In het Stockholm van 1905 overweegt Dokter Glas een moord
op de man van een patiënte van hem. Het beoogde slachtoffer is dominee
Gregorius, een man waar de dokter van walgt. Maarten ’t Hart noemt ‘Dokter
Glas’: ‘een van de volmaaktste romans over moord en liefde’. Ik sluit mij erbij
aan.
De Zweedse schrijver Hjalmar Söderberg leefde van 1869 tot
1941. Naast ‘Dokter Glas’ schreef hij beroemde romans als ‘De jeugd van Martin
Birck’ en ‘Het ernstige spel’. Zijn boeken waren vernieuwend vanwege de
aandacht voor het onderbewuste en de vrouwelijke seksualiteit. En hij was erg maatschappelijk
betrokken. Zijn werk is te vergelijken met dat van Guy de Maupassant, maar ik
zie ook overeenkomsten met Knut Hamsun en Dostojewski.
Filosofisch voelde Söderberg zich verwant met o.a.
Schopenhauer. In ‘Dokter Glas’ noemt hij
hem al op de eerste pagina. “De grimmige filosoof zat op een avond in een
hoekje in zijn stamcafé, zoals gewoonlijk alleen. De deur gaat open en er stapt
een persoon met een onsympathiek uiterlijk het café binnen. Schopenhauer
bekijkt hem met een van afkeer en ontzetting vertrokken gezicht, stuift
overeind en begint de man met zijn stok op het hoofd te slaan. Enkel en alleen
vanwege zijn uiterlijk.”
Het verhaal in dagboekvorm is prachtig opgebouwd. Er zitten
geen zwakke scenes in. Handelingen en overpeinzingen wisselen elkaar af. Je
vraagt je telkens af of de dokter hem gaat vermoorden en hoe hij dit voor
zichzelf zal verantwoorden. Het onderwerp is zwaar, toch heeft het verhaal een
luchtige toon.
De verwikkelingen wil ik niet prijsgeven. Het verhaal is schitterend
geschreven, daarom wat citaten die een inkijk geven in de denkwereld van de
dokter.
Over het menselijk leven:
“De eerbied voor het mensenleven – wat is dat in mijn mond
anders dan valse huichelarij, en wat zou het anders kunnen zijn van iemand die
zo nu en dan een ledig moment heeft doorgebracht met nadenken. Het krioelt
immers van de mensenlevens.”
Over cyaankali en euthanasie:
“En hoeveel ondeugdelijk, hopeloos
verdorven mensenmateriaal heb ik in plaats daarvan niet ambtshalve helpen
conserveren – iets waarvoor ik me zelfs ongegeneerd heb laten betalen.”

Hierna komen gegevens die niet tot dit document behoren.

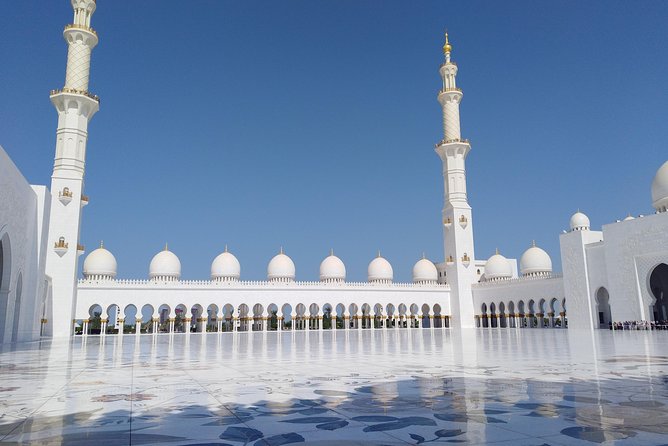 Day Tour of Abu Dhabi From Dubai - Tour Experience Details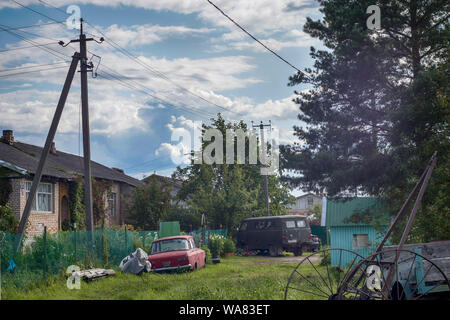 La Russie, le 16 août - DÉMIANSK, 2019, une voiture est garée Jigouli rouge à un garage en bois dans le village de Démiansk Banque D'Images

Over een meisje dat verliefd op hem
is:
“Ik vraag mij af wat voor beeld zij van mij
heeft gevormd. Ze kent me niet. In haar lichte brein dat slechts plaats biedt
aan wat tedere, vriendelijke gedachten aan mensen die haar na staan, en
daarnaast misschien nog wat losse rommel, heeft zich een beeld gevormd dat
enkele uiterlijke trekken van mij heeft, maar dat ik niet ben, en in dat beeld
schijnt zij behagen te hebben gevonden – God mag weten waarom, misschien wel
voornamelijk omdat ik ongehuwd ben.”
Over de moraal:
“De moraal bevindt zich in vloeibare
staat. Zelfs in de ultrakorte momenten dat wij tweeën op de wereld hebben
geleefd, heeft de moraal al merkbare veranderingen ondergaan. De moraal, dat is
de mening van anderen over wat juist is. Maar hier gaat het over mijn mening!”
Over keuzes:
Ja, zelfmoord is lelijk. Maar het kan
nog lelijker zijn om te leven. Het is verschrikkelijk dat je zo vaak alleen
maar kunt kiezen tussen dingen die meer of minder lelijk zijn.”